* Directions *
Return the data below exactly as given, except for the images.

* Stored data *
━━━
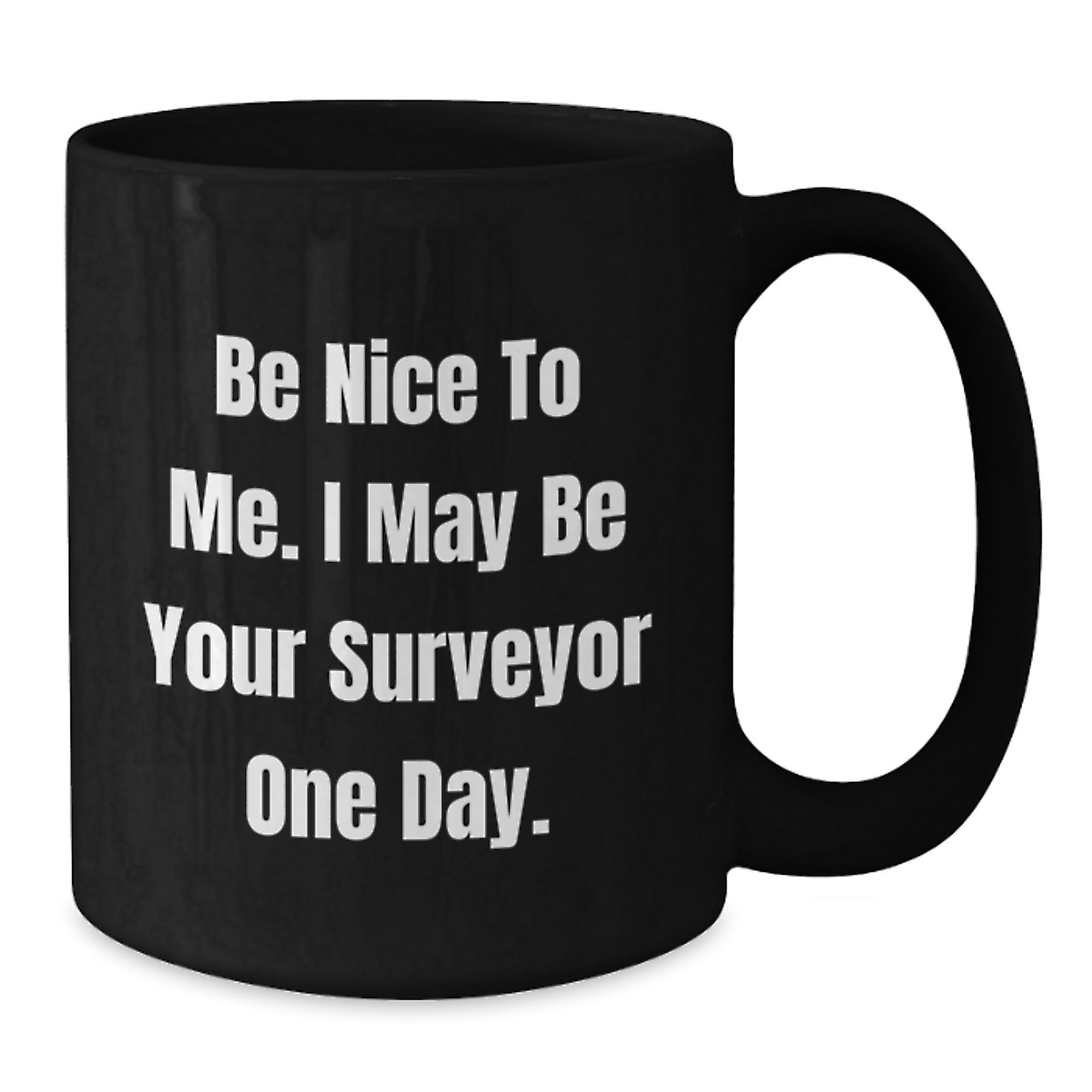 Funny Surveyor Gifts from Friends for Men - Be Nice To Me I May Be Your Surveyor One Day Black Coffee Mug Christmas Unique - Additional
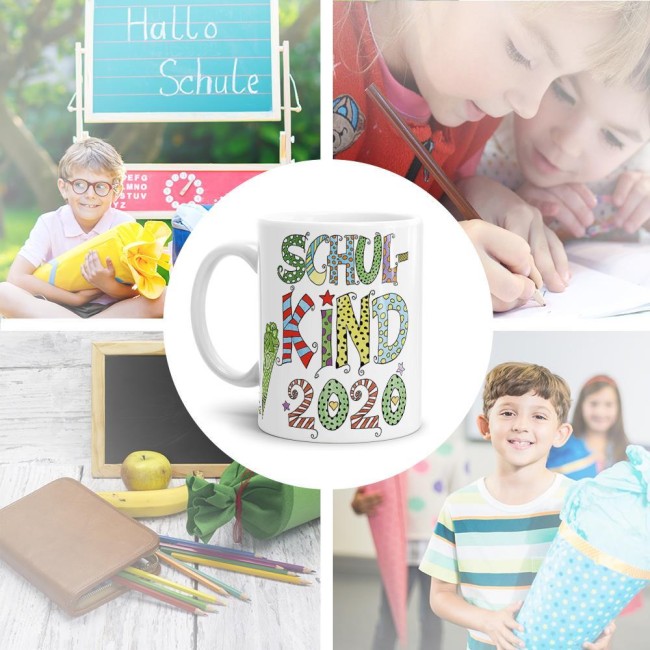 Tasse für Kinder zur Einschulung mit Spruch - Schulkind 2020 Junge - Weiß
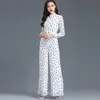 Jumpsuit för kvinnor höst fest långärmad punkt chiffong hög gata elegant full längd bred ben rompers plus storlek 3xl 4xl 210625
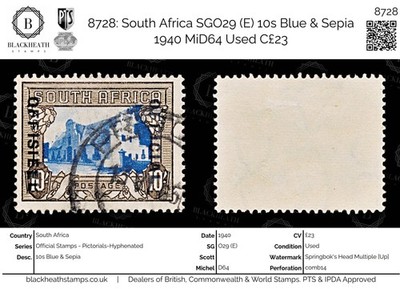 8728-south-africa-sgo29-e-10s-blue-sepia-1940-mid64-used-c23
━━━
* Reply to the task *
 Funny Surveyor Gifts from Friends for Men - Be Nice To Me I May Be Your Surveyor One Day Black Coffee Mug Christmas Unique - Additional
 Tasse für Kinder zur Einschulung mit Spruch - Schulkind 2020 Junge - Weiß
 Jumpsuit för kvinnor höst fest långärmad punkt chiffong hög gata elegant full längd bred ben rompers plus storlek 3xl 4xl 210625
 8728-south-africa-sgo29-e-10s-blue-sepia-1940-mid64-used-c23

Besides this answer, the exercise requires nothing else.